Al di là di questa "struttura drammaturgia", Vice, come vi ho anticipato nelle prime righe è un film complesso, che si nutre di "prove storiche" per costruire questa precisa visione di Cheney. La trama è un flusso di dati a conferma di questa tesi,  " evidenze" legate a fatti piccoli e grandi, abilmente intrecciati e affastellati in un mosaico colorato quanto pop che ripercorre quasi cinquanta anni di storia americana. Fatti da contestualizzare o in cui lasciarsi trascinare. Tra stanze del potere istituzionali e saloni per i comizi, tra salotti domestici turbolenti e anonimi bar in cui vivere il privato. Tra il fragore di terribili squarci di guerra in giro per il mondo (spesso lontani dalle leve di potere, come espressi in un tagliente monologo di Carell) e lungo il corso di un fiume dove un uomo anonimo e appesantito, per lo più antipatico, ha tutto il tempo del mondo nell'attendere che una preda abbocchi. E McKay sceglie non a caso un'inquadratura in cui la telecamera è a mezz'acqua, che ci fa sentire anche noi come quei piccoli pesci che stanno improvvidamente per abboccare all'amo.
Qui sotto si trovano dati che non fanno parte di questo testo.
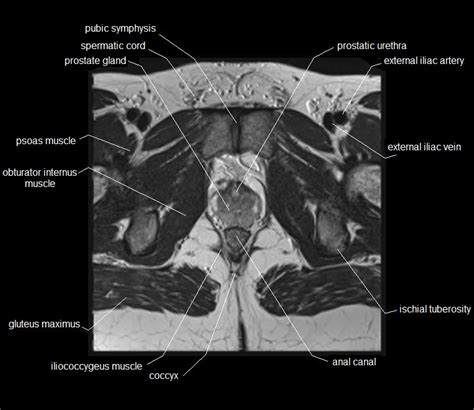 MRI pelvis Anatomy | Free Male Pelvis Axial Anatomy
Forse il quadro più sinistro del potere dell'uomo politico dopo la "pecorella" all'inizio di Loro di Sorrentino (c'è anche un altro parallelo possibile con Sorrentino, a Il divo, tra le scene finali). Questo film sa davvero prendere all'amo lo spettatore. Sarà perché racconta di un villain potente come Galactus nell'era cinematografica dei cinecomics. Sarà che i film dei supereroi sono gli unici oggi che affrontano problemi politici come la l'inclusione sociale e accettazione delle diversità (X-Men), la sovrapposizione (Infinity War), l'integrazione multiculturale (Black Panther) e i problemi di uno sviluppo tecnologico (Iron Man 1) e bellico (Age of Ultron) non sostenibile. Sarà perché come in un film Marvel è giusto non uscire subito di sala, per godere di un extra dopo i titoli di coda. 
È di sicuro un bel modo di fare cinema, che appaga la mente e riempie gli occhi, nonché la dimostrazione di un certo coraggio nel trattare al cinema di politica e attualità, nel tradurre questi temi in drammaturgia. 
McKay si conferma un grande narratore, ""a-critico"", della storia moderna.